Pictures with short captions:
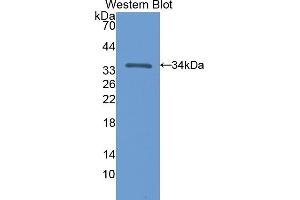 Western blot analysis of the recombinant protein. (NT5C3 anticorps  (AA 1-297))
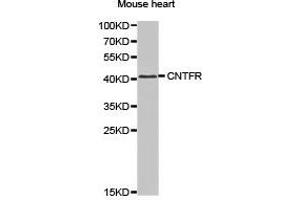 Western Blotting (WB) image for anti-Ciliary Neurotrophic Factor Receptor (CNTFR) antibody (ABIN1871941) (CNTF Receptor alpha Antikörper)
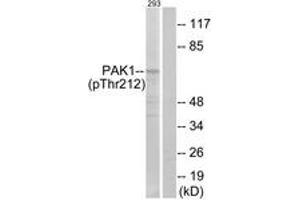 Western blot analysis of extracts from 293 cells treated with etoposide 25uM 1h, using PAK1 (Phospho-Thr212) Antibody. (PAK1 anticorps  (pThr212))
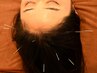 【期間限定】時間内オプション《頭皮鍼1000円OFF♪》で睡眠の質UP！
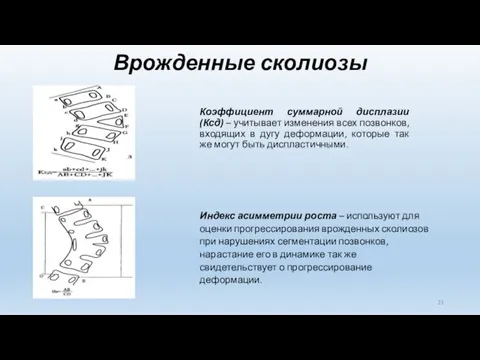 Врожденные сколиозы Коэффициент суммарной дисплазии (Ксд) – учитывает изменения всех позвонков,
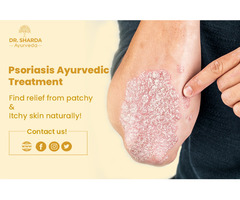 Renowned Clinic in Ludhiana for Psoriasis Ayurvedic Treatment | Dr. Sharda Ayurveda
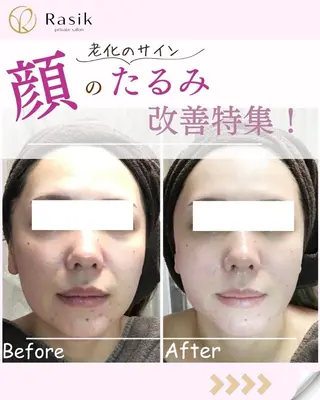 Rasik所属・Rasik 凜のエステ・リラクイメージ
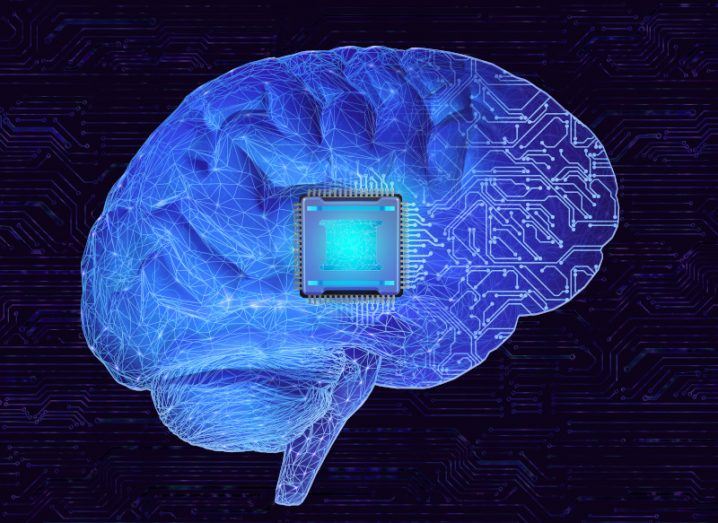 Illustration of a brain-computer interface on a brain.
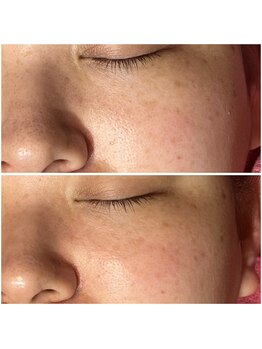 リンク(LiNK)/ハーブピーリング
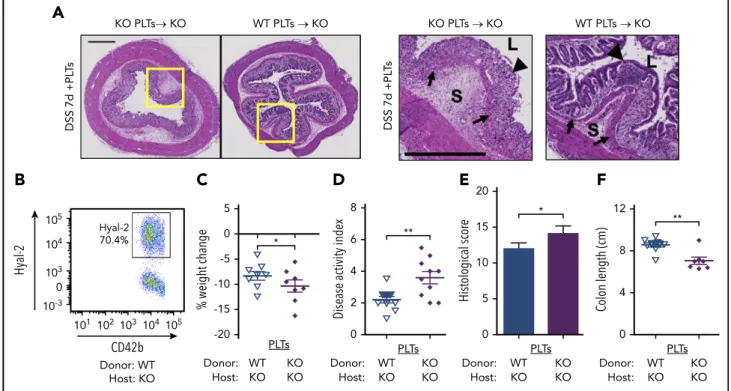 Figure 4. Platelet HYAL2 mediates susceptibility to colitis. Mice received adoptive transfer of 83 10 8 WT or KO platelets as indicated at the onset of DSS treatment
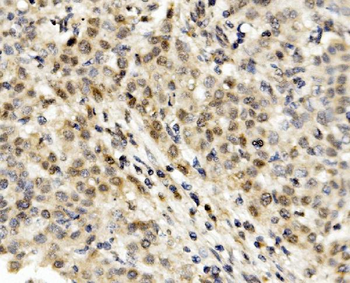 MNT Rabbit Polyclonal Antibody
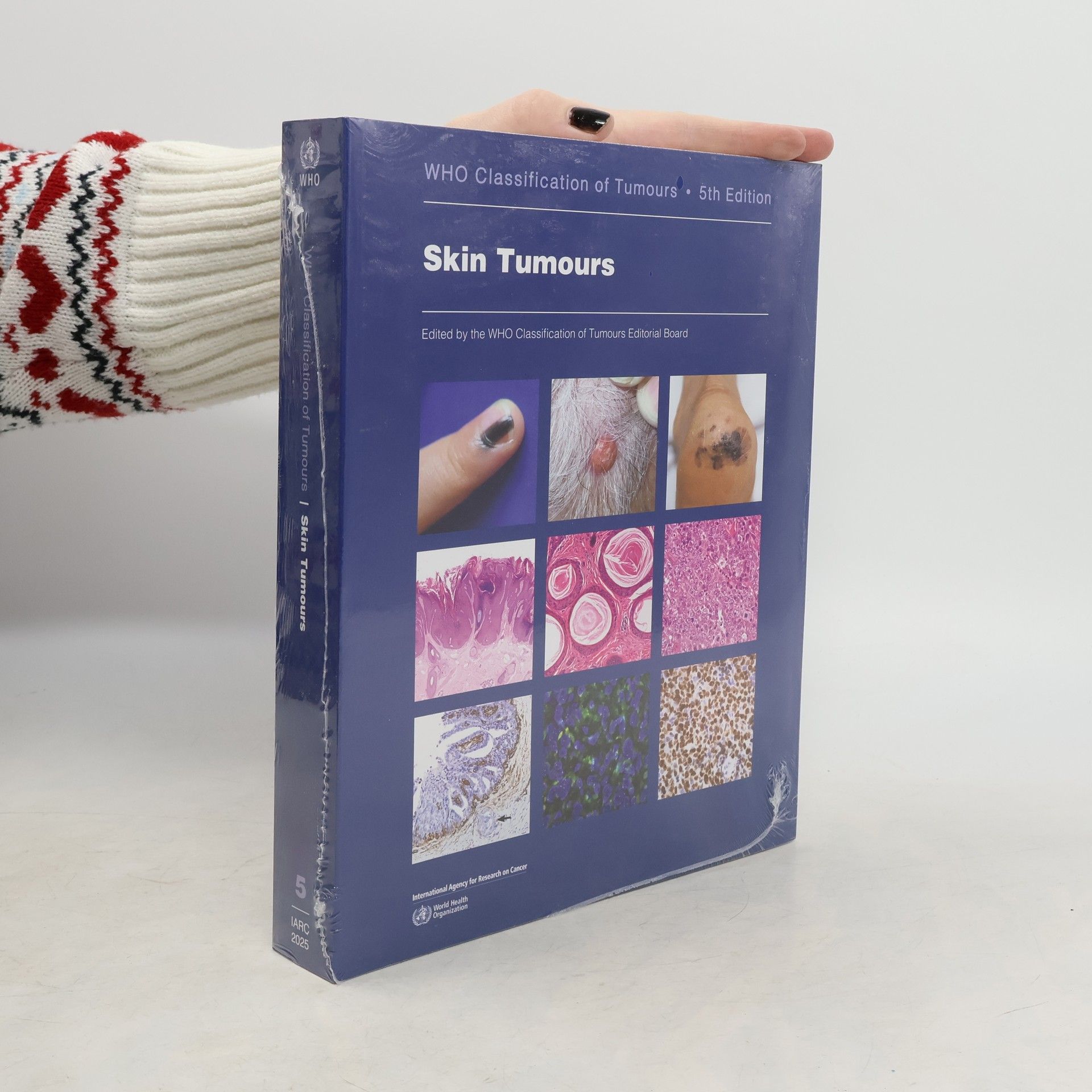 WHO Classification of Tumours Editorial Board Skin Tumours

• [Task instructions] All of the lines above should be printed exactly, minus the pictures.

• [Solution for this task]
 Western blot analysis of the recombinant protein. (NT5C3 anticorps  (AA 1-297))
 Western Blotting (WB) image for anti-Ciliary Neurotrophic Factor Receptor (CNTFR) antibody (ABIN1871941) (CNTF Receptor alpha Antikörper)
 Western blot analysis of extracts from 293 cells treated with etoposide 25uM 1h, using PAK1 (Phospho-Thr212) Antibody. (PAK1 anticorps  (pThr212))
 【期間限定】時間内オプション《頭皮鍼1000円OFF♪》で睡眠の質UP！
 Врожденные сколиозы Коэффициент суммарной дисплазии (Ксд) – учитывает изменения всех позвонков,
 Renowned Clinic in Ludhiana for Psoriasis Ayurvedic Treatment | Dr. Sharda Ayurveda
 Rasik所属・Rasik 凜のエステ・リラクイメージ
 Illustration of a brain-computer interface on a brain.
 リンク(LiNK)/ハーブピーリング
 Figure 4. Platelet HYAL2 mediates susceptibility to colitis. Mice received adoptive transfer of 83 10 8 WT or KO platelets as indicated at the onset of DSS treatment
 MNT Rabbit Polyclonal Antibody
 WHO Classification of Tumours Editorial Board Skin Tumours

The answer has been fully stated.